Tezin Türü: Yüksek Lisans
Tezin Yürütüldüğü Kurum: Orta Doğu Teknik Üniversitesi, İktisadi ve İdari Bilimler Fakültesi, Uluslararası İlişkiler Bölümü, Türkiye
Tezin Onay Tarihi: 2014
Tezin Dili: İngilizce
Öğrenci: Duygu Kimençe
Danışman: SEVİLAY KAHRAMAN
Özet:The main focus of this thesis is analyzing the Mediterranean enlargement and the Eastern enlargement of the European Union by utilizing Frank Schimmelfennig's rhetorical entrapment theory.

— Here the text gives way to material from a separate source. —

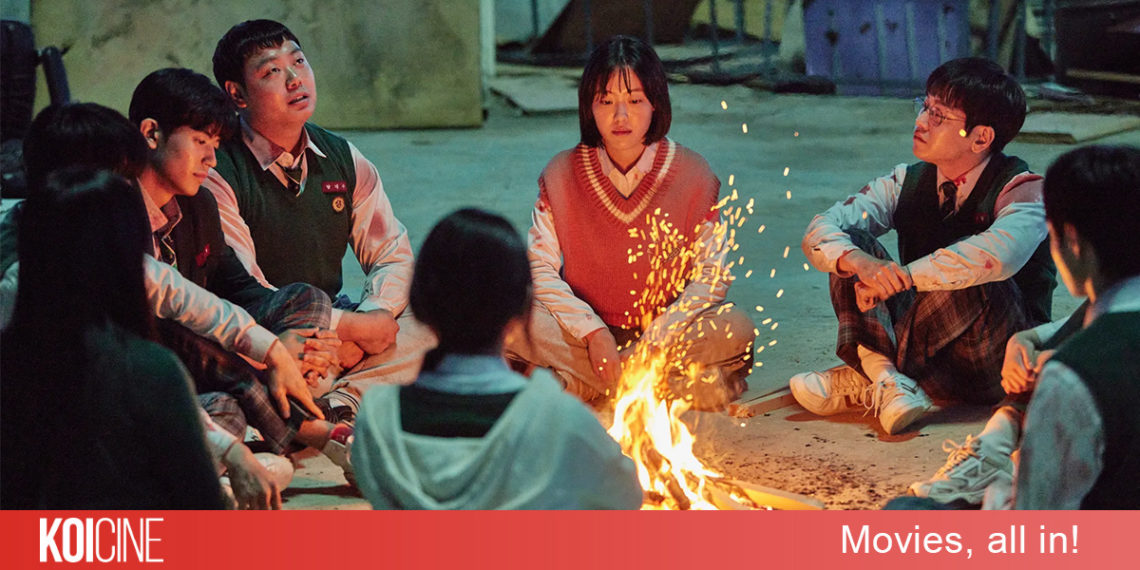 All Of Us Are Dead 2 cuộc đoàn tụ của những người sống sót tại trường trung học Hyosan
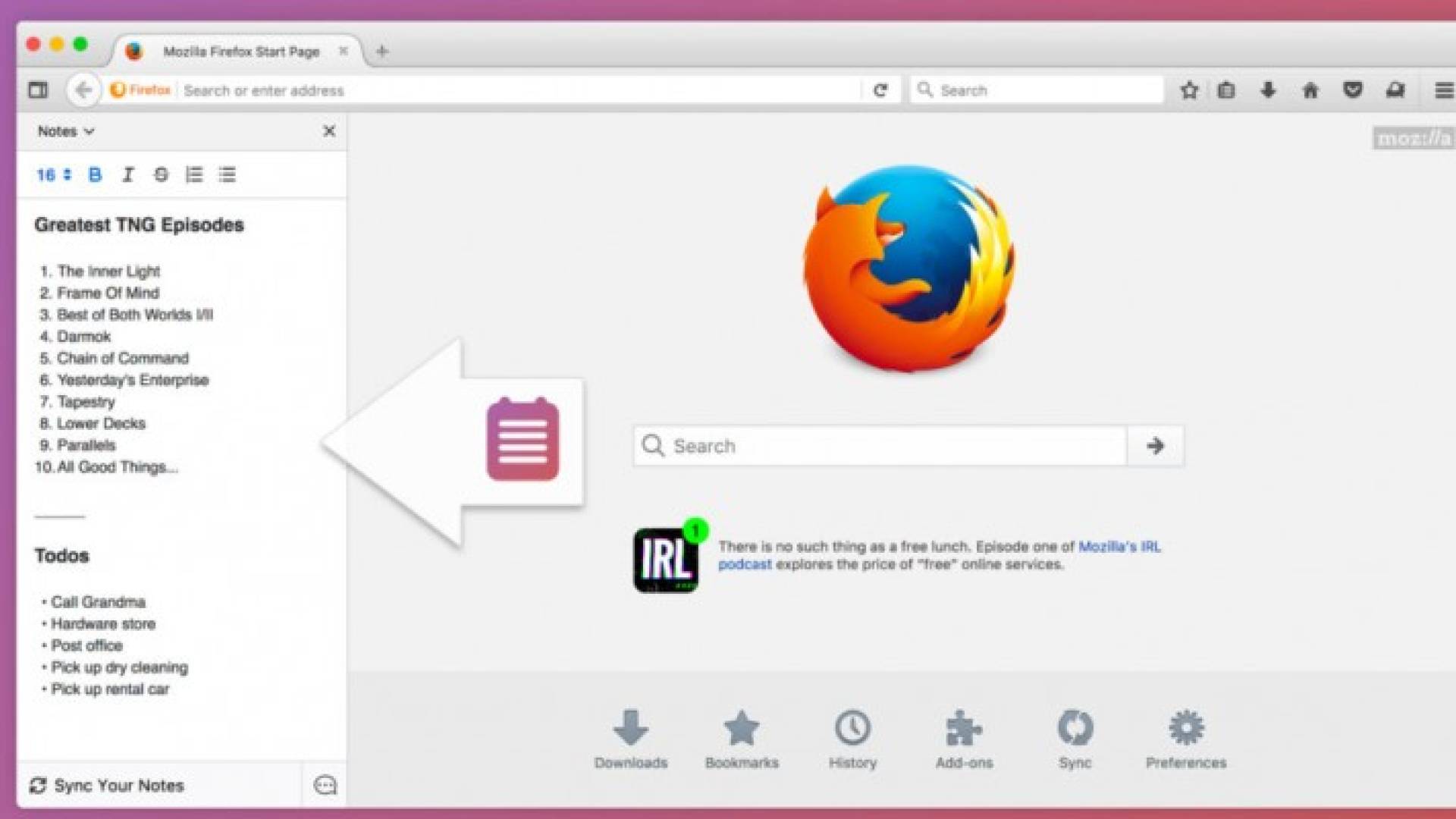 موزيلا تطلق مزايا جديدة لمشاركة الملفات على غرار سناب شات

The admission of Greece to the Community in 1981 on political grounds which aimed to support the country's transition to democracy after the regime of the Colonels between 1967-1974 and the Community's own efforts in the same era to transform the integration project into a noble enterprise based on rights and values had significant effects on the enlargement process: following the Greek accession, democracy promotion developed into the fundamental reason for widening the Community's membership, making both the Iberian and Central and Eastern European accessions impossible to oppose for the member states. Even though both the Mediterranean countries and the CEECs appealed to the Union's self-perception as a value-based community, who aimed to promote liberal democratic norms, to overcome their obvious shortcomings on economic and administrative terms in their membership applications, they were granted a very dissimilar deal when it came to the negotiation process. This divergence in practice can be explained by the evolution of the Community's acquis communautaire. Therefore, a two-dimensional question lies at the heart of this study: How were the Mediterranean countries and the CEECs able to exploit the Community's emerging identity which surpassed its purely economic nature, and how has the evolution of the acquis communautaire from the mid-1980s until the accessions of the CEECs affected the enlargement policy of the European Union?